Are incontinence pads under fleece a good way to absorb the urine?

I have a bunch that were never used when my mom was sick. Figured they might make good absorbents, just have no clue if they're safe.


----------



## gal5150 (Aug 14, 2012)

If its cloth, yes...if they're disposable, no. I tried using puppy pee pads under fleece with guinea pigs and they tore them up...I can't even imagine what my rats would do. So I wouldn't.


----------



## masquerademegan (Sep 28, 2012)

They're the cloth ones, and are washable, if that makes any difference.

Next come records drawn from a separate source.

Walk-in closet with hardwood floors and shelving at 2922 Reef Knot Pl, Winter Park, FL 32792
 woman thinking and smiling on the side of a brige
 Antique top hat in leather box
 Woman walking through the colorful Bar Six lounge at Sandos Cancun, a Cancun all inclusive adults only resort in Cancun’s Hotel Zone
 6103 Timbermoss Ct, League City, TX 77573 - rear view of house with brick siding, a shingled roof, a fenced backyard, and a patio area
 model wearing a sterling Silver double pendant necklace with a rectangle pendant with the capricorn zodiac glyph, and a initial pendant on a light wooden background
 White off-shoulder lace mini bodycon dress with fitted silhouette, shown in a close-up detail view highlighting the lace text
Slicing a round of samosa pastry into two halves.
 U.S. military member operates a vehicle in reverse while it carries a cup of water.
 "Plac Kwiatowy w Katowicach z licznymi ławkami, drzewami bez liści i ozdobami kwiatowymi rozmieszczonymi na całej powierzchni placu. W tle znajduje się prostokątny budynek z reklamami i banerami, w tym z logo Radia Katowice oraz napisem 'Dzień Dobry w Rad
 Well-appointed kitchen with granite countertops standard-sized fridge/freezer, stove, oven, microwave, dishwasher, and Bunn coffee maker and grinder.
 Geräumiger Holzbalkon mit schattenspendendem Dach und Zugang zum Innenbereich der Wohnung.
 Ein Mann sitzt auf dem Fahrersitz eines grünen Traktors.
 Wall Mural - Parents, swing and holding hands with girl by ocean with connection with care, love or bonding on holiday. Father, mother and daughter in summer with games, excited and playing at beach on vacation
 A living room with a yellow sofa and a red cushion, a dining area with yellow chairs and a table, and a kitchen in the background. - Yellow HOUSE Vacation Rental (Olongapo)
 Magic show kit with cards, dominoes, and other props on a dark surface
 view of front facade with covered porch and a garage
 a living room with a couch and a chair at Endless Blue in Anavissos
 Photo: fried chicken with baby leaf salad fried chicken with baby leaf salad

Don't want them chewing on that, though. Doesn't seem very digestible, lol.


----------



## gal5150 (Aug 14, 2012)

If its cloth, that would be fine as long as you don't mind them eventually being ruined. Rats have fleece and cloth hammocks, tubes, etc and they end up chewing them but they are safe to use...they just get destroyed. So if it's safety your worried about, go for it! You have the green light.


----------



## CindrDoLLy (Oct 3, 2012)

I've used this method before with disposable pads and had so-so results. I was fostering 4 boys and they would usually tear up the fleece but leave the pads. So the pads helped add an extra layer of protection, but they weren't particularly absorbent. It's worth trying once to see if your rats will leave the pads alone or not.


----------



## IOVERATS (Aug 25, 2012)

I would just give it a go because they are safe, if they start destroying them then just take them out. Its definitely worth a shot because you never know unless you try  Good luck I hope it goes well


----------